Description
There's a potential problem with storing the guideposts as a VARBINARY ARRAY, as pointed out by PHOENIX-1329. We'd run into this issue if we're collecting stats for a table with a trailing VARBINARY row key column if the value contained embedded null bytes. Because of this, we're better off storing guideposts as VARBINARY and serializing/deserializing in the following manner:
<byte length as vint><bytes><byte length as vint><bytes>...
We should also store as a separate KeyValue column the total number of guideposts. So the schema of SYSTEM.STATS would look like this now instead:
public static final String CREATE_STATS_TABLE_METADATA = "CREATE TABLE " + SYSTEM_CATALOG_SCHEMA + ".\"" + SYSTEM_STATS_TABLE + "\"(\n" + // PK columns PHYSICAL_NAME + " VARCHAR NOT NULL," + COLUMN_FAMILY + " VARCHAR," + REGION_NAME + " VARCHAR," + GUIDE_POSTS + " VARBINARY," + GUIDE_POSTS_COUNT + " SMALLINT," + MIN_KEY + " VARBINARY," + MAX_KEY + " VARBINARY," + LAST_STATS_UPDATE_TIME+ " DATE, "+ "CONSTRAINT " + SYSTEM_TABLE_PK_NAME + " PRIMARY KEY (" + PHYSICAL_NAME + "," + COLUMN_FAMILY + ","+ REGION_NAME+"))\n" + // TODO: should we support versioned stats? // Install split policy to prevent a physical table's stats from being split across regions.

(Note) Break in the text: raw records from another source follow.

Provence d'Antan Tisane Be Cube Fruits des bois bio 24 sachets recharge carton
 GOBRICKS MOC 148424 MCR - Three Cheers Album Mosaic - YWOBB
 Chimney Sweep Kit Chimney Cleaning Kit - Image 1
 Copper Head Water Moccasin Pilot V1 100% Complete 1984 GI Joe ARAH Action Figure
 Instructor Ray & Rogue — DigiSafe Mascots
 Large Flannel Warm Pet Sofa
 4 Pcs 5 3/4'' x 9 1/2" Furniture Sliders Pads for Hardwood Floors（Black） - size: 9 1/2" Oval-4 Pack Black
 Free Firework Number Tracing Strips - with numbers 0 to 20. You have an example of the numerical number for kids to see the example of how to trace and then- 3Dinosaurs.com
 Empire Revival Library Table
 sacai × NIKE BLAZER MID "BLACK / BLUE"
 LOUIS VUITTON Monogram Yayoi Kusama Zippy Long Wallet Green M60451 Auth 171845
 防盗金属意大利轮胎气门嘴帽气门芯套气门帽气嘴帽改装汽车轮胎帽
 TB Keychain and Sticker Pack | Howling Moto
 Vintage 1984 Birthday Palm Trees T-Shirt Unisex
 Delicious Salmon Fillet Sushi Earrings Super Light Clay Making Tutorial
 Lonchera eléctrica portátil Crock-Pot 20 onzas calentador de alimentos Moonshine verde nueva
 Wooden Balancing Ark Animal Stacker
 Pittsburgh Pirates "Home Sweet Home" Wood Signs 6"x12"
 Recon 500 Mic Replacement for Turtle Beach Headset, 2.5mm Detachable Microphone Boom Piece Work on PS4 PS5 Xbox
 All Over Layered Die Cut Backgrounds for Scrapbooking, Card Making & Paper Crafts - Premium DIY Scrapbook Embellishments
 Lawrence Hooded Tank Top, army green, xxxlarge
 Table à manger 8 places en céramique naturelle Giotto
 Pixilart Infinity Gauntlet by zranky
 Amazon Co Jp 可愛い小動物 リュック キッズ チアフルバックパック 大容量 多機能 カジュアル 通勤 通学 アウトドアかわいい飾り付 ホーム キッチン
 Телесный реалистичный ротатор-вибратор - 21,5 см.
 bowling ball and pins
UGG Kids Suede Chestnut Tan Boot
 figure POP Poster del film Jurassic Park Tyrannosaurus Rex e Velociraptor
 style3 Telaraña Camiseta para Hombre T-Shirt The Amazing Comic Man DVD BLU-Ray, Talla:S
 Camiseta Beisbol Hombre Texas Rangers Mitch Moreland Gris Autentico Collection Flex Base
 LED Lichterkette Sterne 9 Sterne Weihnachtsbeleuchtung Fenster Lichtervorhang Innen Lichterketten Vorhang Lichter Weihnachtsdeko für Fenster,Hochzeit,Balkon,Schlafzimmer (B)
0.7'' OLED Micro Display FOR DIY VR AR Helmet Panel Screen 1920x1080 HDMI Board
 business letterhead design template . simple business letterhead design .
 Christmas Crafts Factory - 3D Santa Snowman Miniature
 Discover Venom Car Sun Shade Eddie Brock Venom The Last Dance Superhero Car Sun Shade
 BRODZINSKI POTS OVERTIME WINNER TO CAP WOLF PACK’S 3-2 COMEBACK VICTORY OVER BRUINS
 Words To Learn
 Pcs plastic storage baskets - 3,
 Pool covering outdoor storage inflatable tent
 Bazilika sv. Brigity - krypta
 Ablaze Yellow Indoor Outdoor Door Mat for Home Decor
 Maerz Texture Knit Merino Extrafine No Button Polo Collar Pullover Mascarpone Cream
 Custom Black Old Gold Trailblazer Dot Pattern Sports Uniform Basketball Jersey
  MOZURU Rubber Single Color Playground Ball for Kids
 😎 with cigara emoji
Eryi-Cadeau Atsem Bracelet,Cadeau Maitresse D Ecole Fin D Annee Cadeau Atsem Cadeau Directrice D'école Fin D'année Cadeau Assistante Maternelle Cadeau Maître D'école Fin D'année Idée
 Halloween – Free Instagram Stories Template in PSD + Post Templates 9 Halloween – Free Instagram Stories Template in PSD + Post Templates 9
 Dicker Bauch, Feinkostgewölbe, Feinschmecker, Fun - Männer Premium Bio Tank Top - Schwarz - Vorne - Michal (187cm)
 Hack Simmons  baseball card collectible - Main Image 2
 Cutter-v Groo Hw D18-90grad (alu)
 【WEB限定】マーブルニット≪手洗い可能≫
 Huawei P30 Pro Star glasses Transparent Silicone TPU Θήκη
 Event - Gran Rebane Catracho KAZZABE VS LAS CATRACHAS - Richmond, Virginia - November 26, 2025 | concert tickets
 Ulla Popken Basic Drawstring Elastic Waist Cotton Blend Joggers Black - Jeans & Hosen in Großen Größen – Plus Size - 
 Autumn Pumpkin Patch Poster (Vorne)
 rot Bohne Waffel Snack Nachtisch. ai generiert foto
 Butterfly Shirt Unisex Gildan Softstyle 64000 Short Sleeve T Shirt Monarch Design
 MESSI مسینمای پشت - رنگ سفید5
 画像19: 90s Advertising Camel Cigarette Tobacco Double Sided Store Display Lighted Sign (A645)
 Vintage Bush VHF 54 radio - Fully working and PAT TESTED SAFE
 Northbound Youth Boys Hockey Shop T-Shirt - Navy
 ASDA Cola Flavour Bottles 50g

HTableDescriptor.SPLIT_POLICY + "='" + MetaDataSplitPolicy.class.getName() + "'\n";
Then the serialization code in StatisticsTable.addStats() would need to change to populate the GUIDE_POSTS_COUNT and serialize the GUIDE_POSTS in the new format.
The deserialization code is isolated to StatisticsUtil.readStatisitics(). It would need to read the GUIDE_POSTS_COUNT first for estimated sizing, and then deserialize the GUIDE_POSTS in the new format.